By Jennifer Hart Kevin O’Connor  

The U.S. Department of the Treasury updated its Paycheck Protection Program (PPP) FAQs on May 3, 2020 and issued a new Interim Final Rule on Disbursements on April 28, 2020 that may impact PPP borrowers. Here’s what all PPP borrowers need to know: 

Employees Who Refuse to Return to Work 

The FAQs, which are updated on average every other day, included a new question answering a longstanding question regarding employees who were laid off but decline an offer to be re-hired. 

Forgiveness of the PPP loan is based on a borrower maintaining its pre-pandemic headcount during the eight weeks after the loan proceeds are received. FAQ #40 makes clear that in the Interim Final Rule on forgiveness that will soon be released, in cases where employers offered to rehire an employee but the employee declinedthe employer will not have their forgiveness reduced in connection with employees who refuse to return to work. 

While the forgiveness rule has not been released and the final mechanics are not yet clear, the FAQ states that the rule “will specify that […] the borrower must have made a good faith, written offer of rehire, and the employee’s rejection of that offer must be documented by the borrower” (emphasis added). The FAQ also states that employees and employers need to be aware that rejection of an employment offer may result in the forfeiting of eligibility for continued unemployment compensation. The rule may prescribe a form or required language that must be included in the written notice to the employee. 

Necessity Requirement 

As a result of the public outrage stemming from publicly traded companies accepting multiple loans far exceeding the $10 million maximum, the Treasury Department made several announcements which should be of concern to all PPP recipients.  

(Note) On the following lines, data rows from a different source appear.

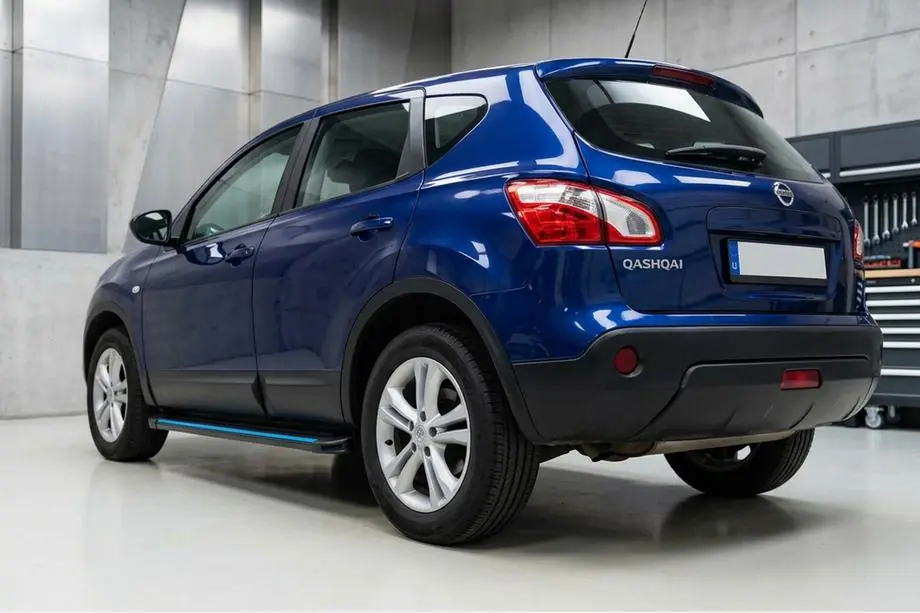 Nissan Qashqai 2007-2010 Progi Boczne Maya Blue-Black (2 szt., Aluminium) Image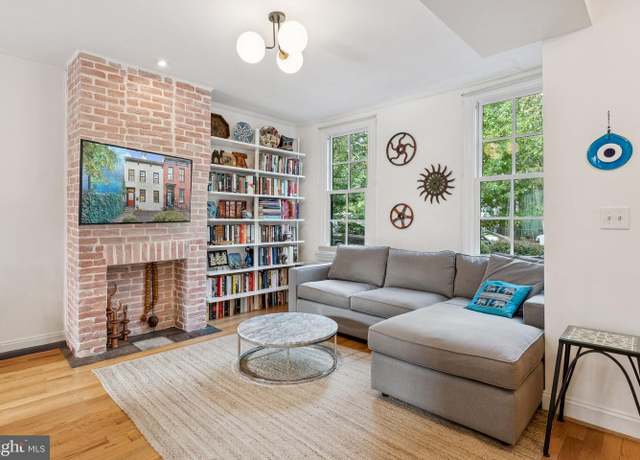 Property at 1617 8th St NW, Washington, DC 20001, 3 beds, 1.5 baths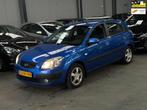Kia Rio 1.4 L APK NAP, Auto's, Voorwielaandrijving, Stof, Gebruikt, Zwart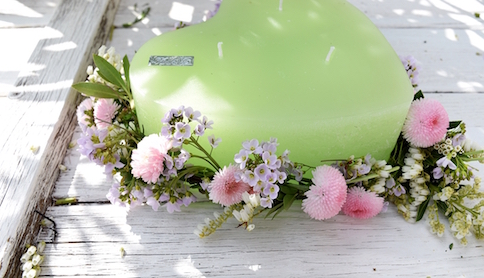Kerze mit Blumenkranz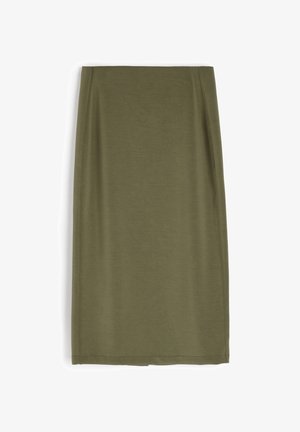 Sukienka ołówkowa w oliwkowym kolorze, wykonana z miękkiego, gładkiego materiału. Charakteryzuje się prostym krojem i czystymi liniami, bez widocznych wzorów czy akcentów.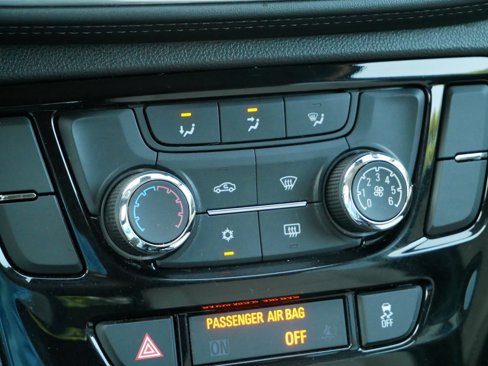 Used 2020 Buick Encore Preferred w/ Safety Package image 24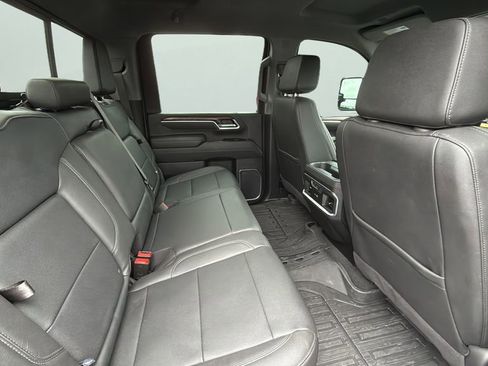 Used 2025 GMC Sierra 2500 SLT w/ SLT Premium Package image 17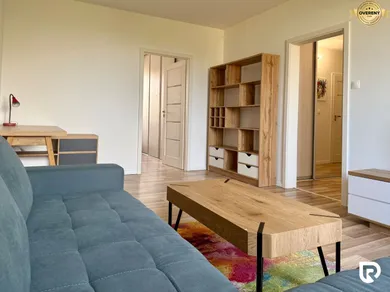Na prenájom 2-izbový byt, 53 m², Trenčín, Lavičková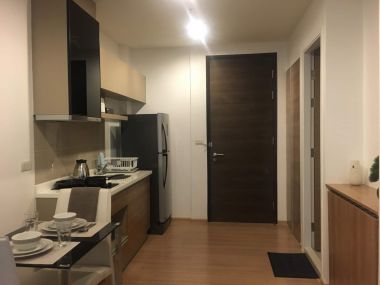 For rent condo Rhythm Sukhumvit 50 only 150 meters walk to onnut BTS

The first is that the Treasury Department announced that privately held companies will be held to the same standards as publicly traded companies when analyzing whether a PPP loan was necessary. Borrowers can rely on the standards in place at the time of their PPP loan application, but must have made the certification that “[c]urrent economic uncertainty makes this loan request necessary to support the ongoing operations of the Applicant” in good faith.  

FAQ #31, which was initially directed at public companies, requires companies to take into account their current business activity and their ability to access other sources of liquidity sufficient to support their ongoing operations in a manner that is not significantly detrimental to the business. 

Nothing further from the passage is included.